Kettlewell – SD 975728


Kettlewell Smelt Mill, pre 1942

This was the longest lived smelting site in Yorkshire, having worked for over 218 years. The first mill was built by the Trust Lords of Kettlewell before 1669.48 By 1831, the mill was in a poor state and it was resolved to build a flue. Clough suggests that nothing was done, but it is likely that the flue, which terminated at a chimney near the enclosure wall about 20 metres behind the mill, was built then.

The mill was inefficient and was giving further problems with pollution by 1860, when the Trust Lords proposed to modernise it and build a much longer flue. A combined turf house and office was built onto the north end of the mill in 1862, but it was not until 1868 that a new slag-hearth and roasting furnace, similar to those used at the Cobscar mill, were built by Messrs Brown of Low Row. The flue was also extended at this time, but the original plan, to extend it to the entrance of Cam Level and build a chimney on the top of Old Gin Shaft, was not carried out. Instead, the flue ran for 680 metres to a chimney alongside the Top Mere Road.

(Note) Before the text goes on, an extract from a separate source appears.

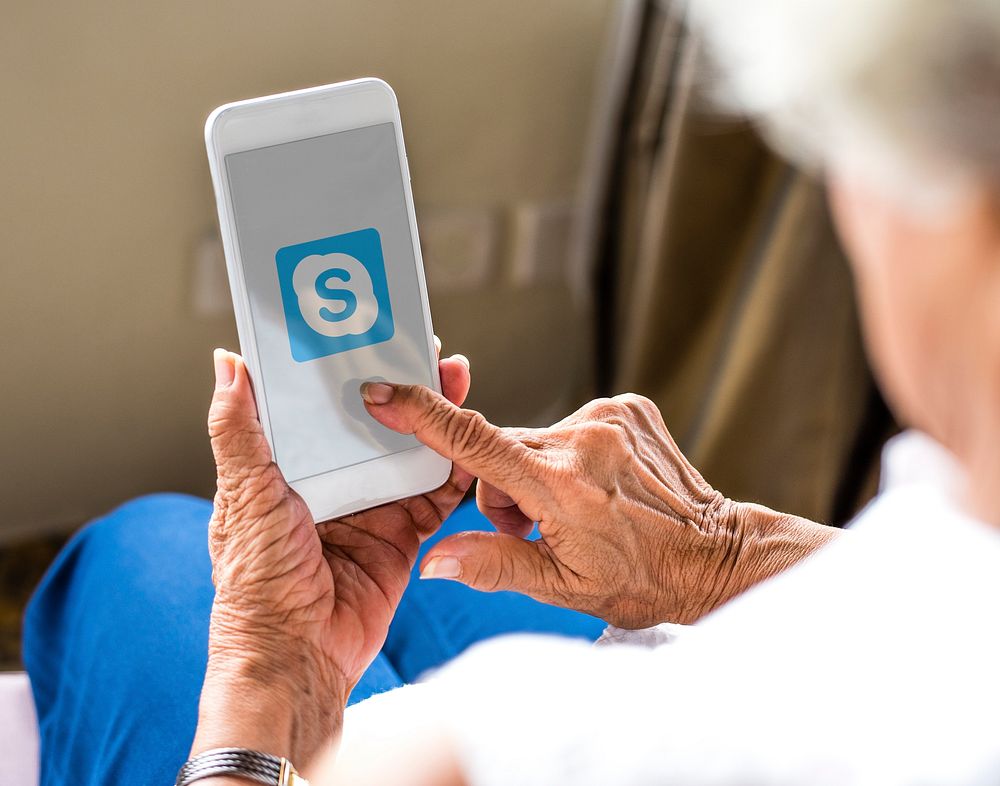 Elderly woman using Skype on a phone. BANGKOK, THAILAND, 1 NOV 2018.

Contrary to Clough’s suggestion, however, the mill’s single ore-hearth was not built in 1868 and there is no evidence that it looked like those used at Keld Heads Mill. The original hearth would have been against the partition wall, near the centre of the mill, and it was probably moved onto the back wall when the flue was built c1831. Both the ore-hearth and the slag-hearth were blown by a waterwheel-powered fan. The roasting furnace was a small cupola, worked from one side only, like that at the Surrender Mill in Swaledale. Unlike the latter, however, which had its own vertical chimney, the fumes were ducted into the flue system.

The mill closed in 1887, but was kept in good condition until 1942, when it was blown up by the army.50 The chimney, however, was blown down by a gale in February 1893, when the local newspaper reported that it had been built by Mr Airey, of Preston Under Scar, about 25 years before.